Exactly. That’s why people are comparing it to Obamacare. They want to know if what we have now is being replaced with something even worse, and so far, all indications point to yes. Ryan talks a lot about how this is a better fiscal policy that will cost the government less, get more people covered, and drive down the price of insurance altogether. There’s no real proof of that, and early estimates put the number of people that will lose coverage somewhere around 20 million.
At this time, there is still no Congressional Budget Score for the AHCA, so naturally, Ryan was asked about that.

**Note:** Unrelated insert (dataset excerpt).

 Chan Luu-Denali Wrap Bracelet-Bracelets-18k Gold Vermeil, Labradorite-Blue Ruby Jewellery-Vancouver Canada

“The score we believe will come out probably Monday or Tuesday. Well before we go to the floor, we’ll have the score. The one thing I’m certain will happen is CBO will say ‘well gosh not as many people will get coverage.’ You know why? Because this isn’t a government mandate. This is not, the government makes you buy what we say you should buy and therefore the government thinks you’re all gonna buy it. There’s no way you can compete with, on paper, a government mandate with coverage. What we are trying to do achieve here is bringing down the cost of care, bringing down the cost of insurance. Not through government mandates and monopolies, but by having more choice in competition. And by lowering the cost of healthcare, you improve the access to healthcare…But we’re not gonna make an American go what they don’t want to do. You get it if you want it. That’s freedom.”
To be clear, what Ryan is doing here is spinning the inevitable outcome of people not being able to afford health insurance as a choice. You can argue the merits of a government mandate, but that doesn’t change the fact that not having insurance simply because you don’t have enough money to pay for it is not a choice. This also completely ignores the provision in the law that allows insurance companies to slap a huge surcharge onto people who have a lapse in coverage. The penalty for not being insured is still there, you just pay it directly to a corporation now instead of the government. Freedom!
Dickerson asks Ryan point blank how many people will lose coverage, and again, Ryan dodges and tries to make some grand point about how free we all are to die. “I can’t answer that question,” Ryan says while seemingly trying not to laugh. “It’s up to people. Here’s the premise of your question: are you gonna stop mandating people buy health insurance?”
This, for the record, was not the premise of Dickerson’s question.
“People are gonna do what they wanna do with their lives because we believe in individual freedom in this country,” Ryan continued. “The question is, are we providing a system where people have access to health insurance if they choose to do so? And the answer is yes.”
This point has been made many times over, but access doesn’t mean anything if you can’t afford it. The go to example is usually cars. Anybody technically has access to buy any car, but if you don’t have the money lying around for it, you’re still screwed. This is apparently freedom, though.
In any case, why should anybody trust Ryan on this? Sure, he presents himself as a brilliant policy wonk, but what’s the evidence that he actually knows what he’s talking about? During his rolled-up sleeves presentation he made the point that it’s unfair for healthy people to pay into a system to support sick people. That’s literally the entire point of insurance. Everybody pays in so that nobody has to shoulder the burden alone.
We’re counting on someone who either doesn’t understand or is lying through his teeth about the most basic concept of health insurance. That should worry everybody.